|
|
|
|
|
by bbrunner
4378 days ago
|
|
Redshift is an especially limited SQL engine considering it doesn't support UDFs. It is wicked fast, but what you get in speed you lose in flexibility. Current (well, February, but fairly current) benchmarks[0] place Impala and Shark (SQL on top of Spark) within grasp of Redshift while pulling data from disk and, for certain workloads, on par or faster than Redshift. This is without using a columnar file format. Impala is impressive technology, but it does require you to run dedicated Impala daemons as it doesn't use map reduce under the hood. Shark is especially interesting, however, because it is fast AND build on top of spark, so you can run raw Spark jobs, SQL queries, graph processing and ML all on the same cluster.
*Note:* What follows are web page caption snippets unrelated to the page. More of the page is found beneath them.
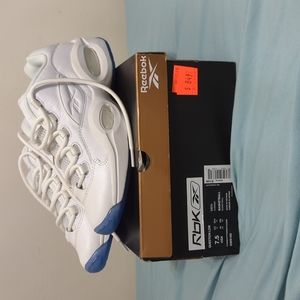 Reebok Question low Allen Iverson White/Blue men size 7.5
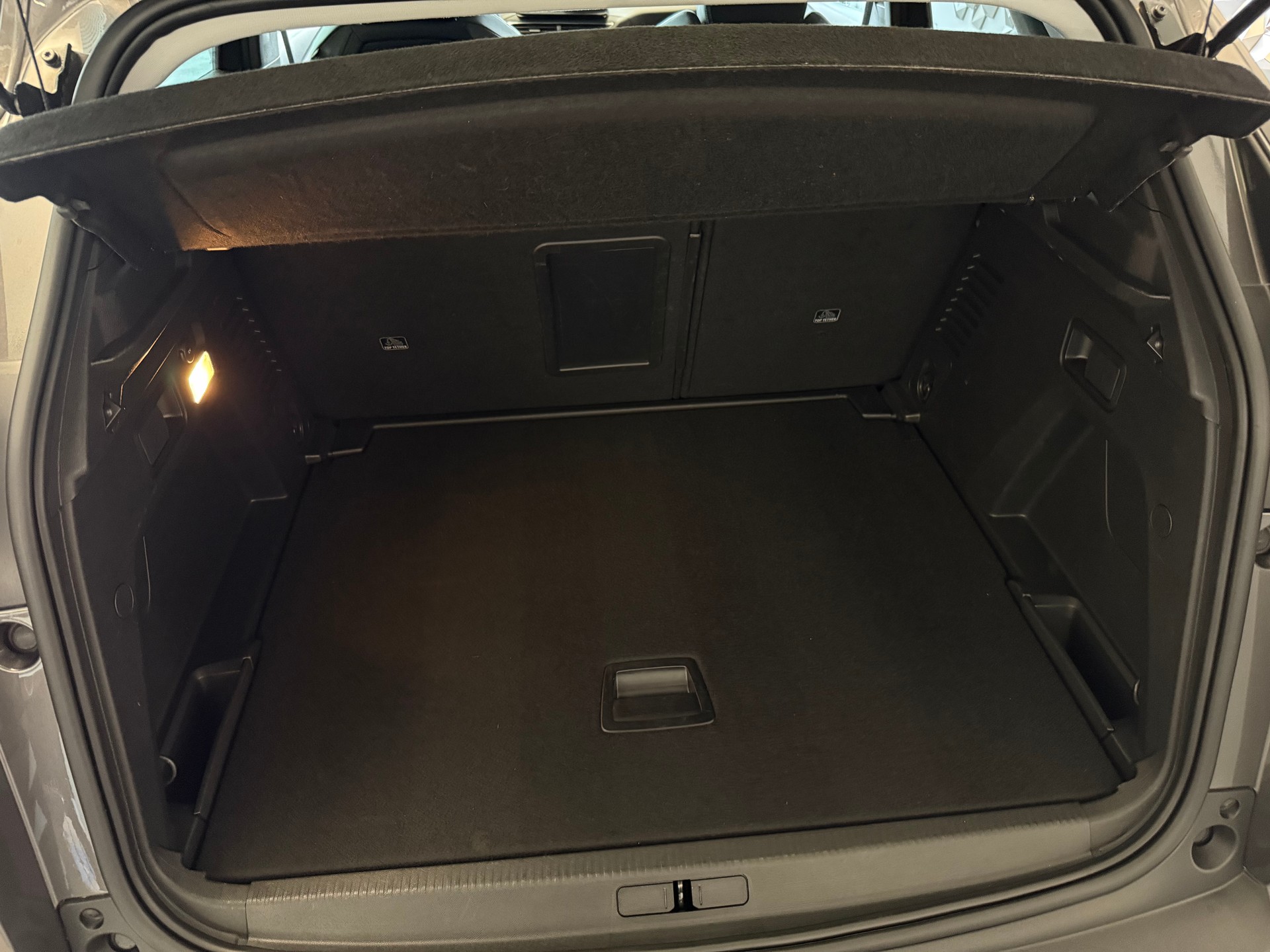 PEUGEOT 3008 1.5 BlueHDi Allure Pack EAT8-image-9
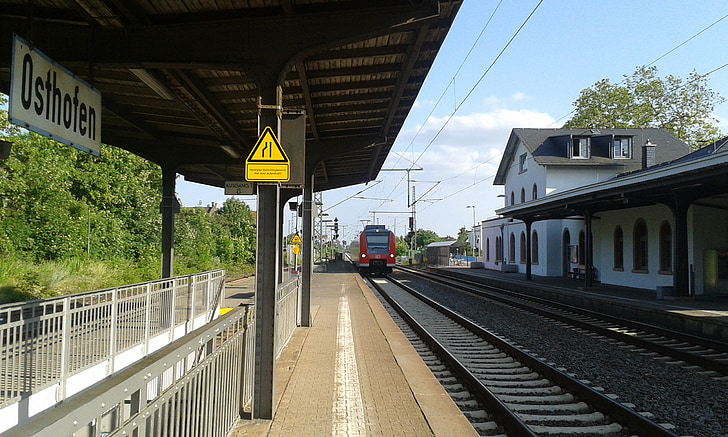 Nemecko, Rheinhessen, Osthofen, železničná stanica, štít, vlak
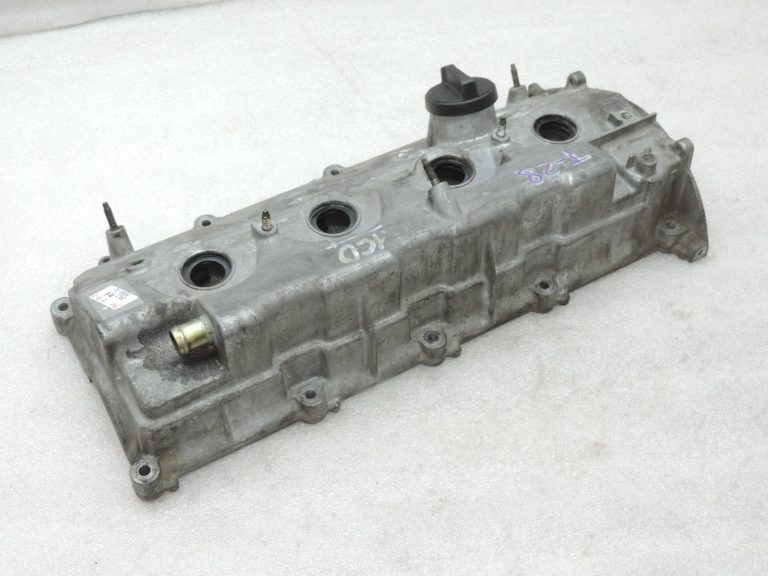 Oriģināls Toyota Corolla E12 Previa XR30 2.0 D4D (1CDFTV) cilindra galvas vārstu vāks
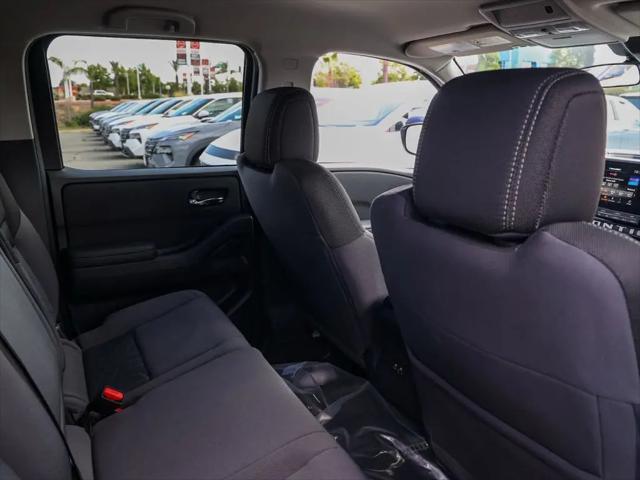2026 Nissan Frontier Crew Cab SV 4x2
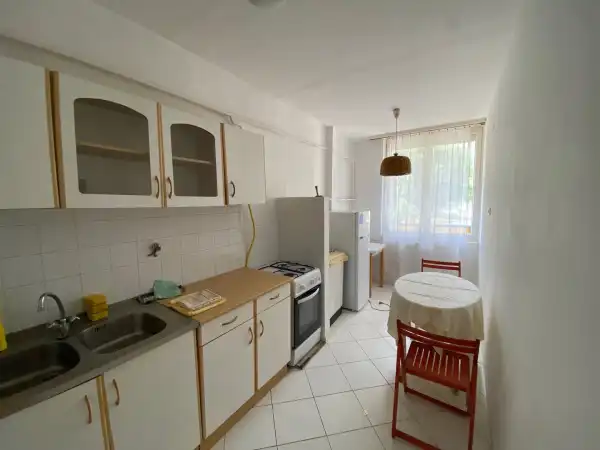 Kiadó téglalakás, Békéscsaba 2 szoba 75 m² 110 E Ft/hó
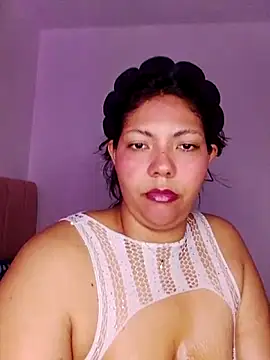 Izel  online show from April 16, 10:01 pm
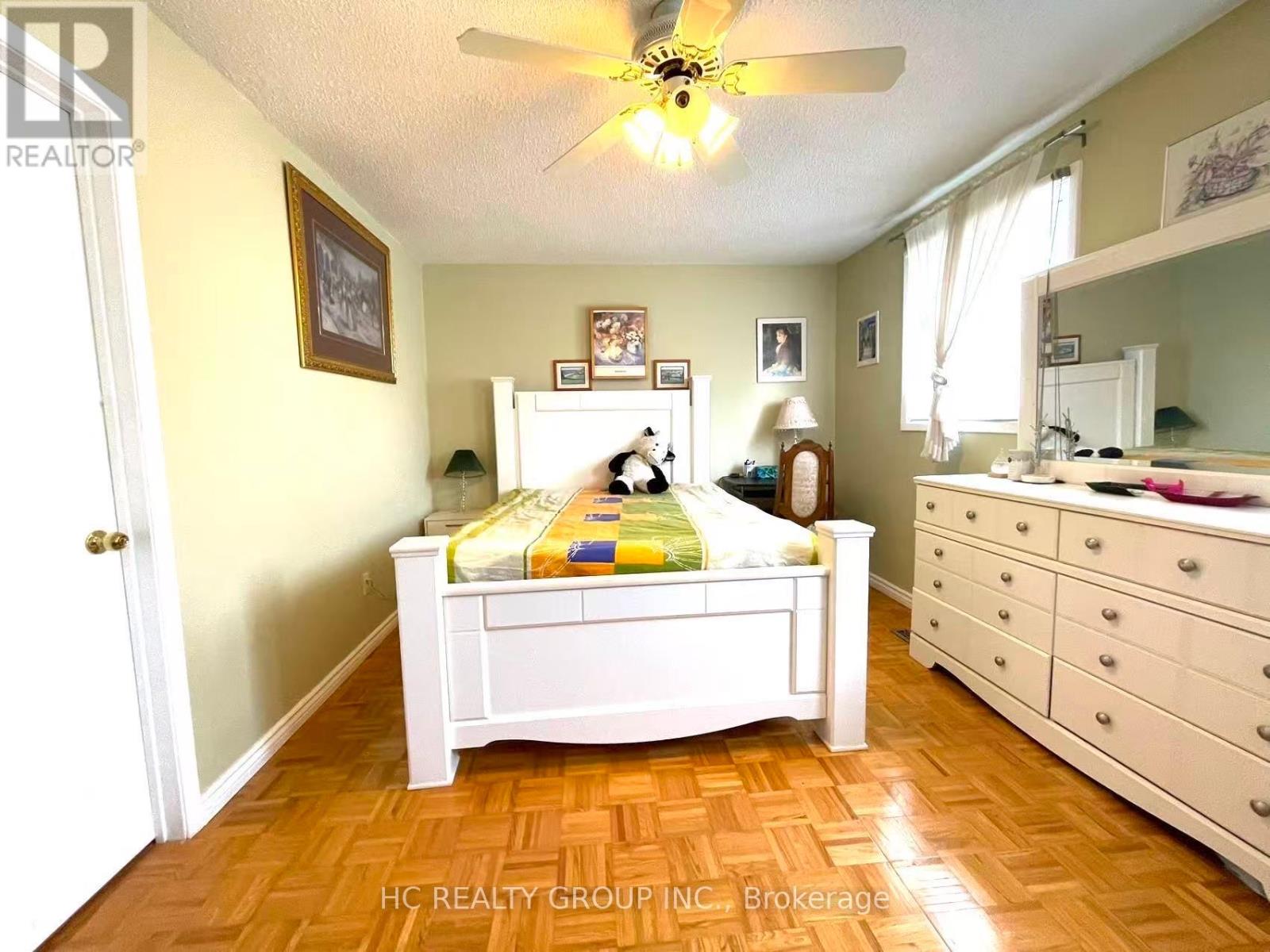 29 - 3025 Cedarglen Gate, Mississauga, Ontario  L5C 2V7 - Photo 5 - W12453414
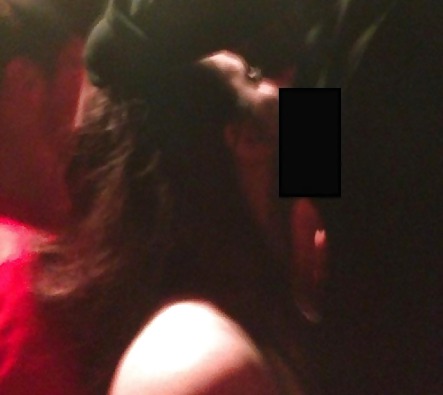 Rapero recibe una mamada de una chica blanca en el escenario
 #19760235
Shark currently uses Hive to generate it's query plans, but the Spark project is working on implementing it's own SQL engine called Catalyst[1] that promises to be a significant improvement. [0] https://amplab.cs.berkeley.edu/benchmark/ [1] https://spark-summit.org/talk/armbrust-catalyst-a-query-opti... |
|
(disclaimer: I'm a Cloudera employee):
I recommend checking out the following blog, not because my employer wrote it, but because the guys behind the benchmark did an incredible job making the benchmark competitive. They also show metrics that a lot of the other people are not showing, for example concurrent workload capabilities, CPU efficiency, etc.
Impala, Hive (on Tez), Shark, Presto
http://blog.cloudera.com/blog/2014/05/new-sql-choices-in-the...